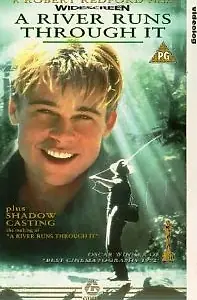 Постер к фильму «Shadow Casting: The Making of «A River Runs Through It» (1992)»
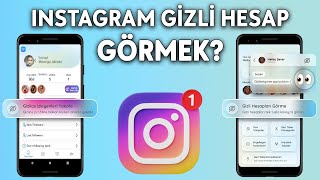 İnstagram Gizli Hesap Görmek Ücretsiz Oluyor Mu? (Instagram Gizli Hesaplara Bakma) - Diyobi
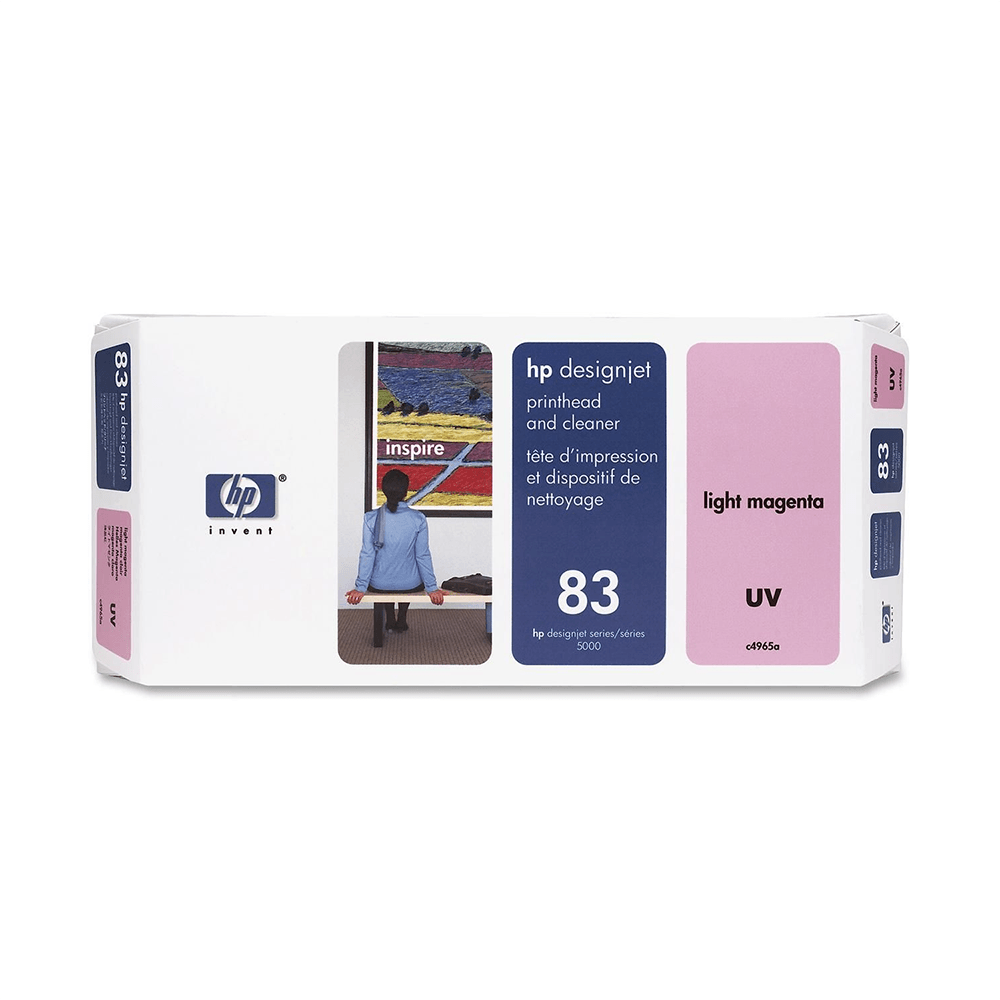 Printhead hp oem c4965a, color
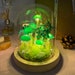see more listings in the mushroom lamp section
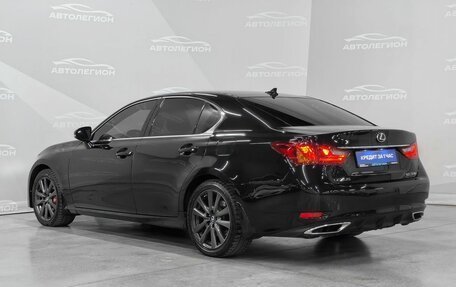 Lexus GS IV рестайлинг, 2014 год, 2 220 000 рублей, 3 фотография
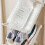 Stackable Shoe Storage Rack Practical Shoe- Milk Ash   2 7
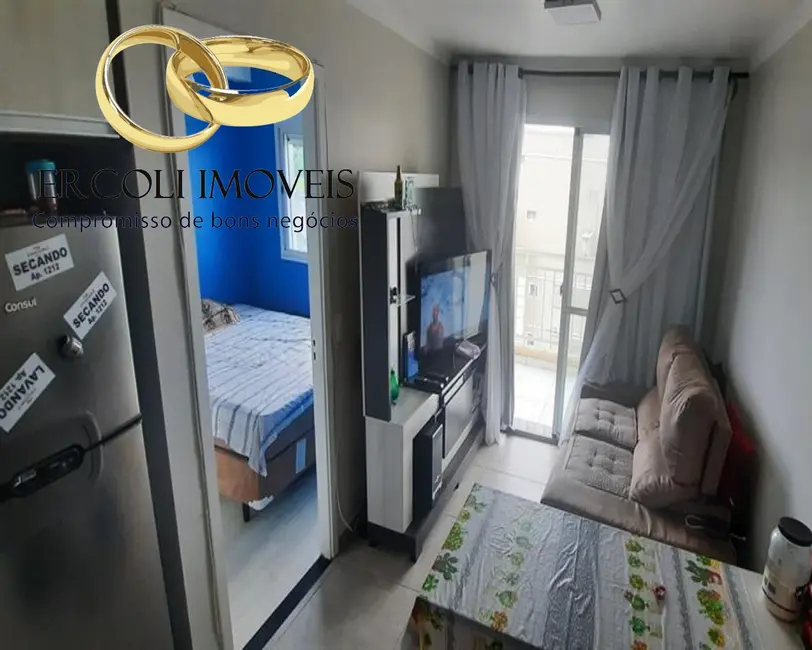 Foto 3 de Apartamento com 1 quarto à venda, 33m2 em São Paulo - SP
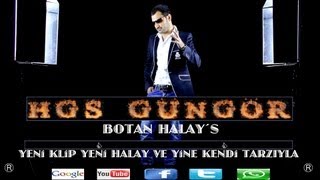 HGS Güngör  Botan Halay´s Official Video Halay [upl. by Rodrick]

• • • • •

PROBLEM TO WORK ON:
From the first line to the last, reproduce the listing above exactly, leaving the pictures out.

RESPONSE AREA:
 Постер к фильму «Shadow Casting: The Making of «A River Runs Through It» (1992)»
 İnstagram Gizli Hesap Görmek Ücretsiz Oluyor Mu? (Instagram Gizli Hesaplara Bakma) - Diyobi
 Printhead hp oem c4965a, color
see more listings in the mushroom lamp section
 Lexus GS IV рестайлинг, 2014 год, 2 220 000 рублей, 3 фотография
 Stackable Shoe Storage Rack Practical Shoe- Milk Ash   2 7
 Foto 3 de Apartamento com 1 quarto à venda, 33m2 em São Paulo - SP
 HGS Güngör  Botan Halay´s Official Video Halay [upl. by Rodrick]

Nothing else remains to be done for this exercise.